Possible undefined behavior in find_best_partition_order_()

[braheezy]

Hello!

While interacting with libFLAC using the Zig toolchain, I get an encoder crash when compiled with Zig safety rules turned on (i.e., zig build -Doptimize=ReleaseFast doesn't crash):

> zig build demo -Doptimize=Debug
...
Illegal instruction at address 0x11fd22c
flac/src/libFLAC/stream_encoder.c:4130:28: 0x11fd22c in find_best_partition_order_ (.../stream_encoder.c)
     raw_bits_per_partition+sum,
...

When this crash happens, raw_bits_per_partition is a null pointer and I'm assuming Zig considers pointer arithmetic with a null pointer an illegal instruction.

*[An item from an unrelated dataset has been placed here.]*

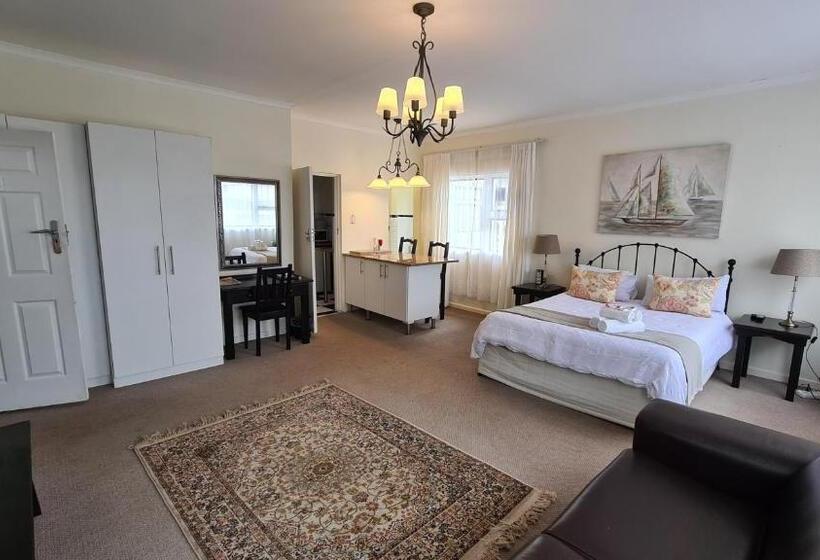 Отель Hathaway Guest House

Through code inspection, raw_bits_per_partition only seems relevant when dealing with something called "escape coding" in FLAC files and it looks like escape code support was dropped in 3b5f471.

A Fix

I patched the C code with the following:

if(!
    set_partitioned_rice_(
#ifdef EXACT_RICE_BITS_CALCULATION
        residual,
#endif
        abs_residual_partition_sums+sum,
-        raw_bits_per_partition+sum,
+        do_escape_coding ? raw_bits_per_partition+sum : raw_bits_per_partition,
        residual_samples,
        predictor_order,
        rice_parameter_limit,
        rice_parameter_search_dist,
        (uint32_t)partition_order,
        do_escape_coding,
        &private_->partitioned_rice_contents_extra[!best_parameters_index],
        &residual_bits
    )
)

And now if I run my demo program, it produces a valid file:

> zig build demo -Doptimize=Debug
bad samples: 0
Decoded FLAC: Channels: 2, Sample Rate: 48000, Bits per Sample: 16, Samples: 576000
Re-encoded FLAC successfully.

I can provide more context if needed, but I think this is mostly a case of a stricter C compiler throwing an error on valid C code where other compilers (gcc) let the undefined behavior go.

[ktmf01]

Thanks. I was under the impression bugs like this would be caught by oss-fuzz's undefined behaviour fuzzing, but apparently -fsanitize=pointer-overflow isn't enabled.